July 2012.  In July 2012, the Company issued three convertible secured promissory notes with $20,000, $25,000 and $25,000 face amounts, respectively, in consideration of three loans of such amounts. Each such convertible promissory note is due in July 2017 with interest accruing in amounts equal to 1.8176%, 2.272% and 2.272%, respectively, of the remaining net cash flow of the Company’s subsidiary, AllEnergy - Bell, LLC, and payable each October 31, January 31, April 30 and July 31. Each of this convertible preferred promissory notes was secured by a deed of trust with respect to the oil and gas lease located in Taylor County, Texas, and owned by AllEnergy - Bell, LLC.  The holder of the $20,000 face amount convertible promissory note has indicated that it is his intention to convert the entire principal amount and accrued interest into shares of the Company’s common stock. Each of the $25,000 face amount convertible secured promissory notes, including accrued interest, has been repaid.  See “Note 15. Subsequent Events”.

Note 11. Loans on Open Account

During the nine months ended September 30, 2012, the Company obtained loans on open account in the total amount of $48,000. These loans on open account are payable on demand and the Company accrues interest on these loans at 8%.

Note 12. Capital Stock

Common Stock Issued under Debt Conversion Agreement

During the nine months ended September 30, 2012, $520,850 in accrued officer salary and interest was converted into a total of 15,097,101 shares of Company common stock ($.0345 per share), pursuant to a debt conversion agreement.

Common Stock Issued Pursuant Convertible Promissory Notes

During the nine months ended September 30, 2012, $131,069 of indebtedness evidenced by convertible promissory notes was converted into a total of 3,799,116 shares of Company common stock, a per share price of $.0345. Pursuant to a series of agreements, in February 2013, all of these convertible promissory notes were cancelled and all principal and accrued interest extinguished.  See “Note 15. Subsequent Events”.

Also during the nine months ended September 30, 2012, an additional $500 of indebtedness evidenced by a convertible promissory note was converted into 50,000 shares of Company common stock, a per share price of $.01.

Common Stock Issued for Director Bonus

During the nine months ended September 30, 2012, the Company issued a total of 100,000 shares of its common stock as bonuses to two of its directors.
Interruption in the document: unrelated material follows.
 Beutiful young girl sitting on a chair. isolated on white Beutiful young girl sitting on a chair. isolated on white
These shares were valued at $1.54 per share, or $154,000, in the aggregate. During the first nine months of 2011, the Company did not issue any shares as a bonus.

Common Stock Issued for Services

During the nine months ended September 30, 2012, the Company issued a total of 150,000 shares of common stock with an aggregate value of $44,000, or $.293 per share, in payment of legal services.
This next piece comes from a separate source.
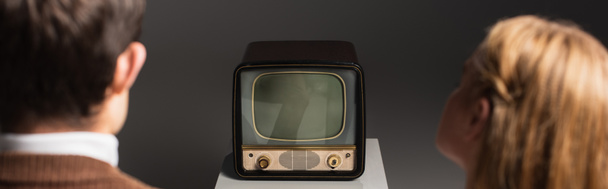 back view de homem e mulher desfocados assistindo tv vintage isolado em cinza, banner - Foto, Imagem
During the nine months ended September 30, 2011, the Company issued 50,000 shares of common stock in payment of $500 in consulting services.
 

 
 
13

 
 
Common Stock Issued for Note Extensions

During the nine months ended September 30, 2012, a total of 346,000 shares of common stock were issued pursuant to six separate promissory note extension agreements.
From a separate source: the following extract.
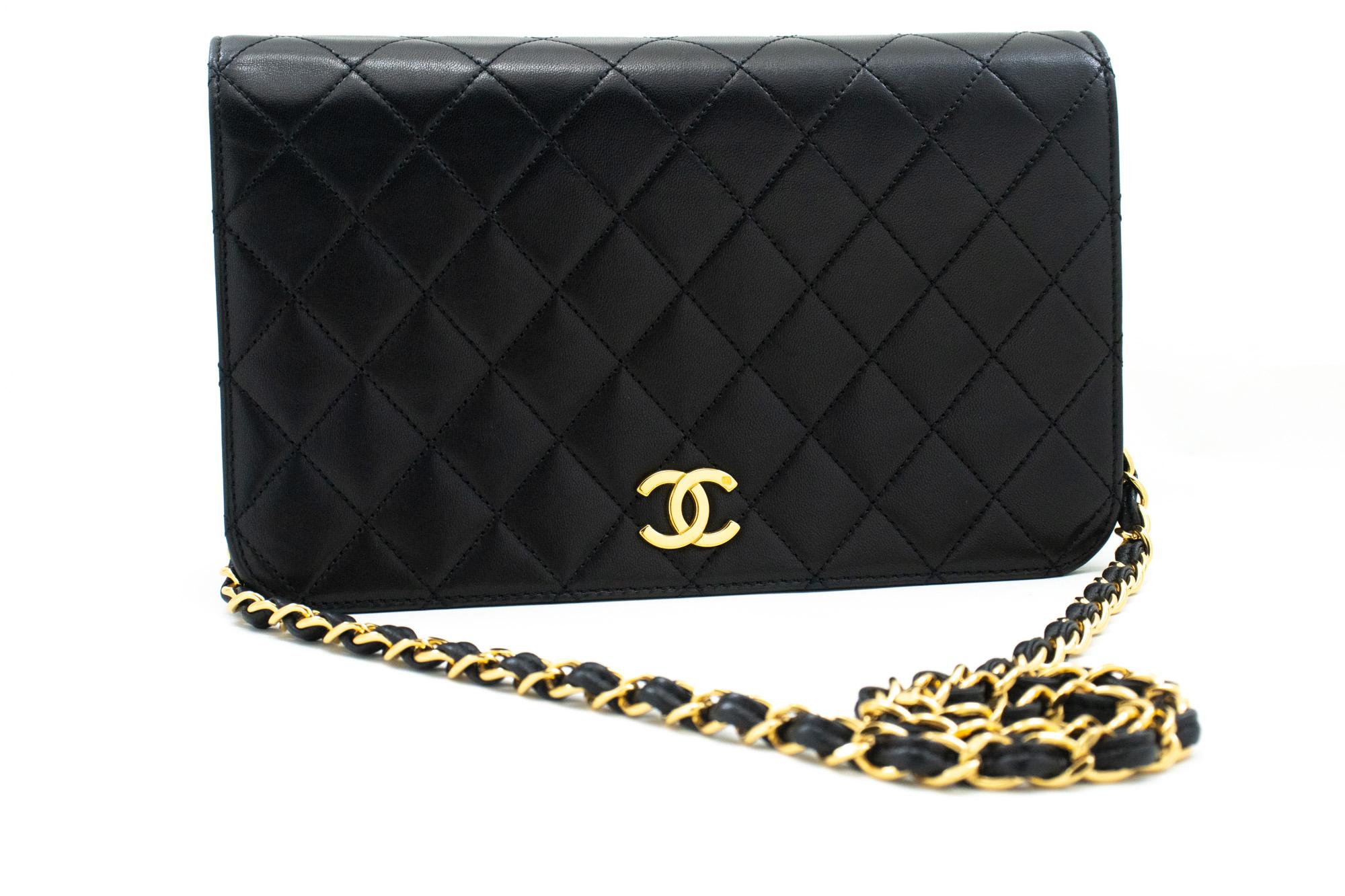 An authentic CHANEL Full Flap Chain Shoulder Bag Clutch Black Quilted made of black Lambskin. The color is Black. The outside material is Leather. The pattern is Solid. This item is Vintage / Classic. The year of manufacture would be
Common Stock Options Issued for Services; Subscription Receivable; Exercise of Stock Options

In February 2012, the Company entered into a consulting agreement with a third party. This consultant’s sole compensation was the issuance of stock options to purchase 200,000 shares of Company common stock at an exercise price of $1.50 per share. In advance of payment therefor, all 200,000 shares underlying such options were issued by the Company. As of September 30, 2012, a total of $156,900 had been received by the Company in payment of 107,934 of such shares. Thus, at September 30, 2012, the accompanying balance sheet includes a stock subscription receivable in the amount of $143,100 which relates to 92,066 of such shares.

In addition, in May 2012, the Company entered into three separate consulting agreements with consultants, under which the Company issued stock options to purchase 400,000 shares of Company common stock at an exercise price of $1.30 per share and 250,000 shares of Company common stock at an exercise price of $1.00 per share, the exercise price  with respect to such 250,000 shares being revised by agreement to $.10 per share.  With respect these $.10 stock options, as of September 30, 2012, stock options had been exercised to purchase 80,000 shares for $8,000 in cash.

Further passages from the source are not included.